If there is something that is always on my mind, it’s books.
I am always immersed in a current selection or on the lookout for a great new read. My errand list always includes a stop at the library.
One of my fears of motherhood was that I would no longer have time to read. I had been told by several people it just wouldn’t be feasible to regularly dig in to a stack of library books.
They were wrong.
An early lesson I have learned as a parent is that you make time for what is important. And what is important to me is reading. Perhaps there are things that fall by the wayside as a result of my priorities. But from my reading nook the house usually looks clean enough that I wouldn’t be embarrassed if company dropped by unannounced. As long as the bottles are washed and there’s a clean set of clothes for tomorrow, I say we’re good.
What usually suffers is that extra hour of sleep I’m willing to trade for just a few more chapters.
A quick search of my house and it’s easy to see I’m a reader. There are haphazard cairns of books stacked in every room, most of them on loan because I can’t afford to finance ownership of the amount of books I like to read.
When they start to get out of control, their teetering stacks threatening a crash, my husband usually mentions that we could stop by the library and return a few on our way to the store.
I wonder if my little guy, who is growing up crawling around these stacks, will share my love for the written word?
When I was about six or seven I couldn’t understand why my mother would waste her time reading that big, messy, gray newspaper every evening. I would bug her to put it down and do something more fun.
Skip ahead nearly three decades and that is my life’s work. Even at its worst, a newspaper is a jumble of need to know information. At its best, it is a work of art.
Looking back, it was certainly a lesson in learning by example.
I was recently asked what my favorite book was as a child. I have no idea.
I honestly don’t remember doing a lot of reading when I was little and was amazed by listening to a number of young women talk enthusiastically about the books they adored as children.
But I must have favorites, because by the time I hit middle school I was devouring all kinds of novels, many inappropriate because in the 80s good young adult fiction was hard to find. This was long before “Harry Potter” or the “Hunger Games,” and it didn’t take long before “The Babysitters Club” or “Sweet Valley High” bored me. And “Nancy Drew” never was my thing.
This has all left me acutely aware of the challenges of raising a young reader.
At this point, the only qualifier is that the books must be made of cardboard or cloth, lest they will be unmercifully reduced to shreds by my destructive little 10-month-old, whose favorite activities include ripping up paper and chasing down electrical outlets.
At our six-month check up the pediatrician sent us home with a book. She told us reading to our son is the only thing we could do that is proven to make a child smarter.

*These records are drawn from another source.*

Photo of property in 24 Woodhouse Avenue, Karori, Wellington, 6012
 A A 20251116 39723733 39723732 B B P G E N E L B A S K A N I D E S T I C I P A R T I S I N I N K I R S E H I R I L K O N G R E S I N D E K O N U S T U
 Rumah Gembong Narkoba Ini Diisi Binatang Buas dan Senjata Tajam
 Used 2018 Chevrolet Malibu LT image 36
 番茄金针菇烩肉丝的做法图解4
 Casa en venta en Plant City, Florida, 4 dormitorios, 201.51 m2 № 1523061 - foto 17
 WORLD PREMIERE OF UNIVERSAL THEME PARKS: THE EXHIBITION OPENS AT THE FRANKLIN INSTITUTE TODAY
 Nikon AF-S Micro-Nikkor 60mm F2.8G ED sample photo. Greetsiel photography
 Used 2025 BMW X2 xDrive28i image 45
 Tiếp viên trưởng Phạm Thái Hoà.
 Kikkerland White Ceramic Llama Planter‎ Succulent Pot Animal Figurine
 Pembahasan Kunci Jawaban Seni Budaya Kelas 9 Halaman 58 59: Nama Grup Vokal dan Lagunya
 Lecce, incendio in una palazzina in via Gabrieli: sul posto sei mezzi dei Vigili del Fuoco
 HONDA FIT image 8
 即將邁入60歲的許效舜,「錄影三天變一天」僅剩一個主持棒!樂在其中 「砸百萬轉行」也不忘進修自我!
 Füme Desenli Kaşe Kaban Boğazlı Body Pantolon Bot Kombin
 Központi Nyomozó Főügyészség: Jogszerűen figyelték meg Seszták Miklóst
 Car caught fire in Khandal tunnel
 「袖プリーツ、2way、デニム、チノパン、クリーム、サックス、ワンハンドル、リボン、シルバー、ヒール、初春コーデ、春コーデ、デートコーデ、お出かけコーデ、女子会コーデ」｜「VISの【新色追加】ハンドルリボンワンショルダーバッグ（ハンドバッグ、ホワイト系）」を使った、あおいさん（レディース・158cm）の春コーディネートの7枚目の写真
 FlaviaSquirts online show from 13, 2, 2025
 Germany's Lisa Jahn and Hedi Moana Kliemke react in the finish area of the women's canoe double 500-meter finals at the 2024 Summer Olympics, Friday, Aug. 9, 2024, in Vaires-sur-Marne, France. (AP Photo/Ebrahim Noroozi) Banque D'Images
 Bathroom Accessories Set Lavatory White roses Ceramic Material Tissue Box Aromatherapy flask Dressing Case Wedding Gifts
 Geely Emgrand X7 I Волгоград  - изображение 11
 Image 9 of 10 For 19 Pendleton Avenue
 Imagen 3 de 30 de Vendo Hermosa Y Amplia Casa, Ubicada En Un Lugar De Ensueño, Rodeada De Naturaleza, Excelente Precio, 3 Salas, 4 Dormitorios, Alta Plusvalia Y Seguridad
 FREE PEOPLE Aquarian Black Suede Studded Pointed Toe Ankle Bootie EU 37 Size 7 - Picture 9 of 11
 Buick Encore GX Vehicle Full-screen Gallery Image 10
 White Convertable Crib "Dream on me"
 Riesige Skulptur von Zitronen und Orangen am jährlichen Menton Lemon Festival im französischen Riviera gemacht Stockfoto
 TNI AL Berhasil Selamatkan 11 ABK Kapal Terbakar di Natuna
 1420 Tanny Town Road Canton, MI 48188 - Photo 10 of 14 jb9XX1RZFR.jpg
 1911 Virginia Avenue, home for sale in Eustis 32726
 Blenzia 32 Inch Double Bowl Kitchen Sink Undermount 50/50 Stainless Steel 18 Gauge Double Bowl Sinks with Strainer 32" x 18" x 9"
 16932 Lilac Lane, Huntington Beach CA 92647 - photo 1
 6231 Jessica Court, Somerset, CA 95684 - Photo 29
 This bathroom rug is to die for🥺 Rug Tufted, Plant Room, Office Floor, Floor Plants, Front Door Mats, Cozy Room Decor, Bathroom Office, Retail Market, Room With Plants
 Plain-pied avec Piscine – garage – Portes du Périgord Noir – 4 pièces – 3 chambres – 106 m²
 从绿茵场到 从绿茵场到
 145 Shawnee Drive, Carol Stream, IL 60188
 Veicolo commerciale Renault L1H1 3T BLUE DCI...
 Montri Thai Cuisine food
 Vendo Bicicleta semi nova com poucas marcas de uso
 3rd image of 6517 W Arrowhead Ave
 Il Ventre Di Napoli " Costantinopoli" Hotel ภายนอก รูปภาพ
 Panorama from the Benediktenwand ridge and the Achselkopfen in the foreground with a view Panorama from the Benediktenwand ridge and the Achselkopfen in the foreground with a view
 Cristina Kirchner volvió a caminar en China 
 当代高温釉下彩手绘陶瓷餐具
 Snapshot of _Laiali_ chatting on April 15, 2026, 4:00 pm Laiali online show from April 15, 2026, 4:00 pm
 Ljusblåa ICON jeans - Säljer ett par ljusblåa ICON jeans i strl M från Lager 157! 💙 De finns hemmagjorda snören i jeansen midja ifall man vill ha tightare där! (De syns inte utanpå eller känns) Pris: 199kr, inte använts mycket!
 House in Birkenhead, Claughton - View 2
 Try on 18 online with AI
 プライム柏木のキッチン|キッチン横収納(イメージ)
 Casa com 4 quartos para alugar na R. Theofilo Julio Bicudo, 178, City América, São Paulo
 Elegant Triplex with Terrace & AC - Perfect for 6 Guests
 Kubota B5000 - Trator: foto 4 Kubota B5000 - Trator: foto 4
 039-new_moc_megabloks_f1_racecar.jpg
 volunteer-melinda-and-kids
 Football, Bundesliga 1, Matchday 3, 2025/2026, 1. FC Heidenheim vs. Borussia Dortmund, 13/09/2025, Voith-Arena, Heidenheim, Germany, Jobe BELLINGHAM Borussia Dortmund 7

So we’re reading a lot of “Go Dog Go” at our house these days, along with a few other similar titles in the rotation.
On a good night he might sit through one short Seuss-style story – two if I let him chew on the first book while we read the second.
Will he be a reader? It is too soon to tell. I can recall interviewing an early literacy reading specialist several years ago who told me the recommendation was eight books a day, starting with newborns. They don’t have to be long books, but books nonetheless.
That number is daunting, but we do our best, sneaking a story in here or there. I’m not sure that we’ve ever hit that benchmark though – mostly because I prefer to read longer, more interesting stories.
Hopefully, my fiction addiction will rub off on him.